[Scraped caption text data]
· · · · · · ·
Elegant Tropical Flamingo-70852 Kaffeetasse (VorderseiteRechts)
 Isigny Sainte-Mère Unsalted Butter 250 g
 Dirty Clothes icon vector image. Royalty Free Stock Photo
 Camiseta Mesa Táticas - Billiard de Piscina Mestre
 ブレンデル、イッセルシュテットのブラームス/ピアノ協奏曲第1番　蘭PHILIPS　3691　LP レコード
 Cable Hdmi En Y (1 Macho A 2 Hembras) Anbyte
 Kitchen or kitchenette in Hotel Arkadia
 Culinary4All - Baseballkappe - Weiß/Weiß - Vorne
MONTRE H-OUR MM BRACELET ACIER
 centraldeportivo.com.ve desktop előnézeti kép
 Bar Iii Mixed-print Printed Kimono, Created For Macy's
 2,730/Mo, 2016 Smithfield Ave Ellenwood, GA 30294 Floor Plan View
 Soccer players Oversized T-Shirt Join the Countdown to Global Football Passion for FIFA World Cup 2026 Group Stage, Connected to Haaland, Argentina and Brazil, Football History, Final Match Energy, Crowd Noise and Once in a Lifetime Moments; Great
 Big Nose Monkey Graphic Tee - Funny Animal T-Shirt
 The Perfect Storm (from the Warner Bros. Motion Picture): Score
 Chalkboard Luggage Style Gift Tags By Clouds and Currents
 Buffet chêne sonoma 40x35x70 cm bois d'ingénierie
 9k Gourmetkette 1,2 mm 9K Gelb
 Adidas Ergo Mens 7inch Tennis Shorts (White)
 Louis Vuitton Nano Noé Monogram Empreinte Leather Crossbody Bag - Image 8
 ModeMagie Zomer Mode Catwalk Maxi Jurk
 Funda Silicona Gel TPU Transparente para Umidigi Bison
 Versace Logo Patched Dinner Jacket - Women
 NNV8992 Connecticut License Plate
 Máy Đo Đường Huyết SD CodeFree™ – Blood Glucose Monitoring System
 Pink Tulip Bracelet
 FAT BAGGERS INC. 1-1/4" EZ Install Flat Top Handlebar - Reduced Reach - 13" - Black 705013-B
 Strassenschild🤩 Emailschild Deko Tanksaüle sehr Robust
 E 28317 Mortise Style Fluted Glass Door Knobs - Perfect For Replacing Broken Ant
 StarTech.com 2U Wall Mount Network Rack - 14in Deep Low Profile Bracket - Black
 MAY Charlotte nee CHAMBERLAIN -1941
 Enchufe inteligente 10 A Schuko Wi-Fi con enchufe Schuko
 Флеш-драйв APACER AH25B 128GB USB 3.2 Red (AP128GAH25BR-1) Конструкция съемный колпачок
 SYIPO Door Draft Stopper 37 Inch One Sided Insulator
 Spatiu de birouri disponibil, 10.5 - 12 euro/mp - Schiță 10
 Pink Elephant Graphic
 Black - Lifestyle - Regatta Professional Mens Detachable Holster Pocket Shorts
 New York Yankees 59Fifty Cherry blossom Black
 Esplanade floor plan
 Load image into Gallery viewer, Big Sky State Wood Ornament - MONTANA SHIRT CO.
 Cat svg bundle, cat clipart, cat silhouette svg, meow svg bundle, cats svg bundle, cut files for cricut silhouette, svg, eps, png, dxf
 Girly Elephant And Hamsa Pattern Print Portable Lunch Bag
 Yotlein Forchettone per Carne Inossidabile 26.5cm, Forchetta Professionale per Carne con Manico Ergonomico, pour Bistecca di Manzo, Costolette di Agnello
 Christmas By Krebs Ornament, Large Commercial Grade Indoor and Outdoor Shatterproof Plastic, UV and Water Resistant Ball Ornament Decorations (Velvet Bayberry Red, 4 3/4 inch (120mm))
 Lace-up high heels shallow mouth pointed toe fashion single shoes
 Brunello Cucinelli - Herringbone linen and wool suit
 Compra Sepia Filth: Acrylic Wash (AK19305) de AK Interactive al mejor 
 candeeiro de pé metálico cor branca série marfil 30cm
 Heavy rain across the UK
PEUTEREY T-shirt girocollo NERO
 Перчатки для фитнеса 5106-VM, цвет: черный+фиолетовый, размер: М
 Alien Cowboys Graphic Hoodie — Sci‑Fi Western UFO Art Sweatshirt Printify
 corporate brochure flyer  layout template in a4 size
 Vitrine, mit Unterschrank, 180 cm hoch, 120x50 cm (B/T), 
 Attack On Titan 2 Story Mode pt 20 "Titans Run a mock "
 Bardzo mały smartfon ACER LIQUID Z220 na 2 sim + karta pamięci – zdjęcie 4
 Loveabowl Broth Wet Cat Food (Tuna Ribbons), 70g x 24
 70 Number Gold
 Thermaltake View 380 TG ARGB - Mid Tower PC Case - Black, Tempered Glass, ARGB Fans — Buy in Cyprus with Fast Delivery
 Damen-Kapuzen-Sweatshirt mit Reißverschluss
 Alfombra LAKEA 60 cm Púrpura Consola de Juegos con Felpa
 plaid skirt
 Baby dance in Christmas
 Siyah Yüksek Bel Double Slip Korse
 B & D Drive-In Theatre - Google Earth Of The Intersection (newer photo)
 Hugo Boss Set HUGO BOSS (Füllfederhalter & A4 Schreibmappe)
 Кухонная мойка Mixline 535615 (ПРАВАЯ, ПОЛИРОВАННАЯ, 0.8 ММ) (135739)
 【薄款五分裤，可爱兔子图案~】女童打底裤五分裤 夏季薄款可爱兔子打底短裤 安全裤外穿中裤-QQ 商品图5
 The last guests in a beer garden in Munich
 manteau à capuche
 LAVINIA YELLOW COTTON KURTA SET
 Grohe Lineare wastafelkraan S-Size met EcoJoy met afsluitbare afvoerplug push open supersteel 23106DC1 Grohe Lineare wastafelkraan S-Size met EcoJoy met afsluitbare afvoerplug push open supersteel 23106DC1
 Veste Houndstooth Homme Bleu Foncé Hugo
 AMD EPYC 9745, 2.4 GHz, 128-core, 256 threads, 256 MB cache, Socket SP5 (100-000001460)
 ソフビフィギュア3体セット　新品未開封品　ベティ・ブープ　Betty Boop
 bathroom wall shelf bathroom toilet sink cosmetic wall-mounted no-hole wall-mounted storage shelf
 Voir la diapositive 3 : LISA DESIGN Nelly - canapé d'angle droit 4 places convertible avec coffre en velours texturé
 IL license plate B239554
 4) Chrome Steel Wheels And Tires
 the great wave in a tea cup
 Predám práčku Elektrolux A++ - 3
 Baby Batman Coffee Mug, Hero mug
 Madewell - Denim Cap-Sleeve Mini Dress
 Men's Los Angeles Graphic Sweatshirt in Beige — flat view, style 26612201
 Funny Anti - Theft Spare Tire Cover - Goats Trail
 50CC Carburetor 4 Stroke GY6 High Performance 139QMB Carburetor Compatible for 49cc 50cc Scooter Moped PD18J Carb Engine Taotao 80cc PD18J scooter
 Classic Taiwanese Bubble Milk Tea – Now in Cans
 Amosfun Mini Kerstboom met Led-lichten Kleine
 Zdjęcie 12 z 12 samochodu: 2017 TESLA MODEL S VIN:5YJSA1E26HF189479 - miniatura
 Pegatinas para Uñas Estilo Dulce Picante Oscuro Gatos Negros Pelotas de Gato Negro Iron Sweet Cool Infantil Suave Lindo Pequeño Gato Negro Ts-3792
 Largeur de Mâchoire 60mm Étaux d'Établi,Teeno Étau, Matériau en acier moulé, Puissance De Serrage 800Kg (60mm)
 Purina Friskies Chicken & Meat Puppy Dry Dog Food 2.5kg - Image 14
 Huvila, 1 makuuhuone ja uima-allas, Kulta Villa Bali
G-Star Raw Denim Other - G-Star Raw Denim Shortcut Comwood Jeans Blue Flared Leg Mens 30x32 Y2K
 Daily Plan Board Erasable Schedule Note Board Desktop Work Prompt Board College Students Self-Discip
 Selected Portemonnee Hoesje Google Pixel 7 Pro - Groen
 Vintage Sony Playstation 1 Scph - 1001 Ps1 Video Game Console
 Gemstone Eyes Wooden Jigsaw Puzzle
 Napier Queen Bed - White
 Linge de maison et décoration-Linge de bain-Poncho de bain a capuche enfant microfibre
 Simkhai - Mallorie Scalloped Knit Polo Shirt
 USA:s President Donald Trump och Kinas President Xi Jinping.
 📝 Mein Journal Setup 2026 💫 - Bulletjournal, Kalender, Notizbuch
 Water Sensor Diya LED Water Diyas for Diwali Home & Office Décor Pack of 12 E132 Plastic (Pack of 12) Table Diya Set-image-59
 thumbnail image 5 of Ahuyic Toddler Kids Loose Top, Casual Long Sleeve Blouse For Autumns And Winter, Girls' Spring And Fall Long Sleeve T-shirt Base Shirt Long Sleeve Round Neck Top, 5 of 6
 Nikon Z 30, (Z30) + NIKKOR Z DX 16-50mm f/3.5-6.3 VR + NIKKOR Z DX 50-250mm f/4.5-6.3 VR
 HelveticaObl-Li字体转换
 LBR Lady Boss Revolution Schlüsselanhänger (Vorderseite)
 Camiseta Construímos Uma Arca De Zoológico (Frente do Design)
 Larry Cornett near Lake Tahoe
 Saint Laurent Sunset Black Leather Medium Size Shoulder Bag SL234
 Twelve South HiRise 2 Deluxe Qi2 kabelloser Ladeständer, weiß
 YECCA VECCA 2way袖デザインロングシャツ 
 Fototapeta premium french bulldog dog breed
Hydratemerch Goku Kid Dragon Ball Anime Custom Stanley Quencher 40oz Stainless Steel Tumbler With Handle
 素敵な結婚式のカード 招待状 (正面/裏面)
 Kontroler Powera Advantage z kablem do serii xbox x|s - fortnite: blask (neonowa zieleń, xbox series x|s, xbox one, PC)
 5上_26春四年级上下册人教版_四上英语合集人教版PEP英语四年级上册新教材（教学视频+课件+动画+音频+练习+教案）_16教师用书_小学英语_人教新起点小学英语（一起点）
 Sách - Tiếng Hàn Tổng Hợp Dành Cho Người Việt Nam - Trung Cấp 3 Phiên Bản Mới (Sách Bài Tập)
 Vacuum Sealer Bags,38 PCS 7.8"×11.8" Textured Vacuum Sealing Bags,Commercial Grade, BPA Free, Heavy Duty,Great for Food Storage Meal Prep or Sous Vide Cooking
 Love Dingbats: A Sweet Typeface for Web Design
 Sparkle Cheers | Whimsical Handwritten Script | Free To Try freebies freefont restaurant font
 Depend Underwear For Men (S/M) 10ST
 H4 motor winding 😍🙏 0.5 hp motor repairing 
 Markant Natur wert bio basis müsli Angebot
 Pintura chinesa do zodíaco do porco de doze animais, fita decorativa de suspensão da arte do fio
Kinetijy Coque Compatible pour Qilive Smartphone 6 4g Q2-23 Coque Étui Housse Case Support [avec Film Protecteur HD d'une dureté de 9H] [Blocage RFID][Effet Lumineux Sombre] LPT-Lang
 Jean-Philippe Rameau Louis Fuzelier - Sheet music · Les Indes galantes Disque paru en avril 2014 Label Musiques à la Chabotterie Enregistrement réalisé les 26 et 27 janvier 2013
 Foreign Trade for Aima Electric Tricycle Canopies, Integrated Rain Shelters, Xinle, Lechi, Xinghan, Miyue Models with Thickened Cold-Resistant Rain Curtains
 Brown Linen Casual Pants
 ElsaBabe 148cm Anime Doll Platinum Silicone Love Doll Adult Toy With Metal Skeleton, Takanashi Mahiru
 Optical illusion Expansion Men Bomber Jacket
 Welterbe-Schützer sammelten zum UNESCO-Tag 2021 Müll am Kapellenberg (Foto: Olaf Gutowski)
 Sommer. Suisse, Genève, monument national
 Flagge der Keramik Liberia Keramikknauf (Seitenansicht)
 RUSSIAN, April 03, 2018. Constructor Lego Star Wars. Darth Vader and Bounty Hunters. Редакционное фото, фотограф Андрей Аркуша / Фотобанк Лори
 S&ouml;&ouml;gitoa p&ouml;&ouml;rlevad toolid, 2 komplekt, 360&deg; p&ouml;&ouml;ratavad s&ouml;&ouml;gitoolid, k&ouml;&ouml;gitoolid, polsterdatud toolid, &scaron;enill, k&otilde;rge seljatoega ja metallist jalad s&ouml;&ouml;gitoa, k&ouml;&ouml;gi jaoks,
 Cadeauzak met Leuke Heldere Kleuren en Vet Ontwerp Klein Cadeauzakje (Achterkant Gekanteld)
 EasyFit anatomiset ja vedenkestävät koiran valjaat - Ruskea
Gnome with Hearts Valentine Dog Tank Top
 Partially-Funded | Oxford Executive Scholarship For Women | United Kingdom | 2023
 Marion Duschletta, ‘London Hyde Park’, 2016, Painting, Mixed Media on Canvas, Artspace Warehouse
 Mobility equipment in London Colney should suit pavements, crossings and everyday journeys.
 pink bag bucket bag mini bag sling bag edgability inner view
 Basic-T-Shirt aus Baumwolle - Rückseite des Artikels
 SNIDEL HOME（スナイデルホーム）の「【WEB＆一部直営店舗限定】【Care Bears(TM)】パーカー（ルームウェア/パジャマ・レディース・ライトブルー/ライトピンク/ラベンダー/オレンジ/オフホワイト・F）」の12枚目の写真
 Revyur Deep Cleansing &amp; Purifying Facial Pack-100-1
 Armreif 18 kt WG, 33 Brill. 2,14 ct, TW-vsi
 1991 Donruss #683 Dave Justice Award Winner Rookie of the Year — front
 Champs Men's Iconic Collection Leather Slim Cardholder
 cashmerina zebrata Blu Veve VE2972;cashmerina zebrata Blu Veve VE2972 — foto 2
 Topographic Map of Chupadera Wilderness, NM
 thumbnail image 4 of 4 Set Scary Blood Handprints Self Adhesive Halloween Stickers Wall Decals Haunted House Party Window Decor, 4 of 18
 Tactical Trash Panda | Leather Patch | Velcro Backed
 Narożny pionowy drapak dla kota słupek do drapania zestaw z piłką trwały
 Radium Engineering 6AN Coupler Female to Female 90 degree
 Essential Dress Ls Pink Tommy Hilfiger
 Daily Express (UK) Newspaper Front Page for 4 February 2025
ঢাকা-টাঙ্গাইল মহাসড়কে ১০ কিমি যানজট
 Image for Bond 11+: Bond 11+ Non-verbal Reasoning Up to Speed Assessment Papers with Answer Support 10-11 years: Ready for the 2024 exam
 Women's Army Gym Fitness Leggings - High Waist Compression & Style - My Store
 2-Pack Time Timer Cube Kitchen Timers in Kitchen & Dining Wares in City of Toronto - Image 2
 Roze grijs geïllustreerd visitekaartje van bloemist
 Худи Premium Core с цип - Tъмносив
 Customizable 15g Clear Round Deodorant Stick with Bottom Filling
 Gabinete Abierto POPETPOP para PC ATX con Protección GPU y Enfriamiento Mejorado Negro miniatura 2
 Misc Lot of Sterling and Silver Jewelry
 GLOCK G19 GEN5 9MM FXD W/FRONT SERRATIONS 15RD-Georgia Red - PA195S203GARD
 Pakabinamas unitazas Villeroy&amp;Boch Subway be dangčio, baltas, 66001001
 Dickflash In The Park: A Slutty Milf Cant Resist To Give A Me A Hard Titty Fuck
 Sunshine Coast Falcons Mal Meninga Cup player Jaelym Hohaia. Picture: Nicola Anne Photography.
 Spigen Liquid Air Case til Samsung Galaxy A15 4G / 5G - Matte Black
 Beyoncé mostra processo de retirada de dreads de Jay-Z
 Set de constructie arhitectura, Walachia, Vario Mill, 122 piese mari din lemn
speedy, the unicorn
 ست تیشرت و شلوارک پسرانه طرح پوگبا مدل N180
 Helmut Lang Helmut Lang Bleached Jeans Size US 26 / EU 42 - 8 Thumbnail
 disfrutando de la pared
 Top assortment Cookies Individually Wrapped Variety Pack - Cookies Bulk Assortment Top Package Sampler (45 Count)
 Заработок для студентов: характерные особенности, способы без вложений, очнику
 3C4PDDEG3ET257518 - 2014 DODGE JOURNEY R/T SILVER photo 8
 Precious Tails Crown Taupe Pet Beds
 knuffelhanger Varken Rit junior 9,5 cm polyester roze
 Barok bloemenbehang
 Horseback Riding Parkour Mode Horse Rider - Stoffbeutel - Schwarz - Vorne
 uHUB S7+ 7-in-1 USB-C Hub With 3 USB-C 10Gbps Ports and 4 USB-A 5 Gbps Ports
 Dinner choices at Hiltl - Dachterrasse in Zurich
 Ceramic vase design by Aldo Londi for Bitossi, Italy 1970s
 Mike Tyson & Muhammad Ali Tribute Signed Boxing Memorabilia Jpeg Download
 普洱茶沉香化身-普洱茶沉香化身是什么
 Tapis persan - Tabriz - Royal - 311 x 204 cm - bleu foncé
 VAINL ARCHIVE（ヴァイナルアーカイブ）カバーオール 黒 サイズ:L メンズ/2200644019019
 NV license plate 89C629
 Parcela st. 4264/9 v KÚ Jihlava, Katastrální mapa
· · · · · · ·
INSTRUCTIONS TO FOLLOW> Retype exactly, and only, the lines above from the one where "9k Gourmetkette 1,2 mm 9K Gelb" occurs up to and including the one where "Enchufe inteligente 10" occurs.

RESULT OF THIS EXERCISE>
 9k Gourmetkette 1,2 mm 9K Gelb
 Adidas Ergo Mens 7inch Tennis Shorts (White)
 Louis Vuitton Nano Noé Monogram Empreinte Leather Crossbody Bag - Image 8
 ModeMagie Zomer Mode Catwalk Maxi Jurk
 Funda Silicona Gel TPU Transparente para Umidigi Bison
 Versace Logo Patched Dinner Jacket - Women
 NNV8992 Connecticut License Plate
 Máy Đo Đường Huyết SD CodeFree™ – Blood Glucose Monitoring System
 Pink Tulip Bracelet
 FAT BAGGERS INC. 1-1/4" EZ Install Flat Top Handlebar - Reduced Reach - 13" - Black 705013-B
 Strassenschild🤩 Emailschild Deko Tanksaüle sehr Robust
 E 28317 Mortise Style Fluted Glass Door Knobs - Perfect For Replacing Broken Ant
 StarTech.com 2U Wall Mount Network Rack - 14in Deep Low Profile Bracket - Black
 MAY Charlotte nee CHAMBERLAIN -1941
 Enchufe inteligente 10 A Schuko Wi-Fi con enchufe Schuko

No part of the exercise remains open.